In 1995, significant changes were make to the Private Securities Litigation Reform Act, dealing with cases filed under federal securities laws. These changes related to class representation, discovery, liability, pleadings and awards fees and expenses.
The stated purpose of the Act is to limit trivial securities lawsuits. Before the Act was passed, plaintiffs could move forward by offering only minimal fraud evidence while they went fishing for more proof during pretrial discovery. Weak or trivial lawsuits were costly, even if the charges were groundless. However, because of the expense, many defendants just settled rather than fight. Since the passage of the Act, plaintiffs now need proof of fraud before a suit is initiated.
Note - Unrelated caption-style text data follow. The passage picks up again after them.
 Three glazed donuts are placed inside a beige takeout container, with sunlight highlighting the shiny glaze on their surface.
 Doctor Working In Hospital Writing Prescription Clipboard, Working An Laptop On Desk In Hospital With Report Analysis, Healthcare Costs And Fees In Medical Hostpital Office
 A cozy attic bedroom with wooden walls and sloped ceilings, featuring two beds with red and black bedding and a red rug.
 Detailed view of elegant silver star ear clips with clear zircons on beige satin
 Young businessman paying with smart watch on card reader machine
The rules governing securities class action lawsuits allow, among other things, a judge to decide the most fitting plaintiff in a class action suit. There must also be full disclosure to investors relating to proposed settlements, bonus payments to favored plaintiffs are barred and the judge may closely examine any attorney conflicts of interest.
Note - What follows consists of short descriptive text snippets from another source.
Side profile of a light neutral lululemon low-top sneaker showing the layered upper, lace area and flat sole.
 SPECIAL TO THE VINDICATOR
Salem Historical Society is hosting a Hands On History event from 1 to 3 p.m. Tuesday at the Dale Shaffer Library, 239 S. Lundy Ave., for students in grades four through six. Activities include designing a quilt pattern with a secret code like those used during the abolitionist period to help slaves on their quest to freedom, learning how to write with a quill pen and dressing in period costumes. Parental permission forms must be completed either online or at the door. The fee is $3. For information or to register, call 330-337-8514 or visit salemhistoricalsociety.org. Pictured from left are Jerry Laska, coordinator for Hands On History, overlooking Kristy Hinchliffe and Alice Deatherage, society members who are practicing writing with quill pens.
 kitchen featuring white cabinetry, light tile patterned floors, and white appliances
Major securities fraud claims are typically brought under Section 10(b) of the Exchange Act. The Supreme Court has ruled there must be six elements alleged and proven to prevail in a suit filed under this section. These elements are that a defendant committed a material omission or misrepresentation; that they made that omission on purpose or recklessly; that the omission was made in relation to the purchase/sale of a security; that the plaintiff relied on the omission and that because they relied on it, they suffered an economic loss and that the plaintiff is able to prove causation.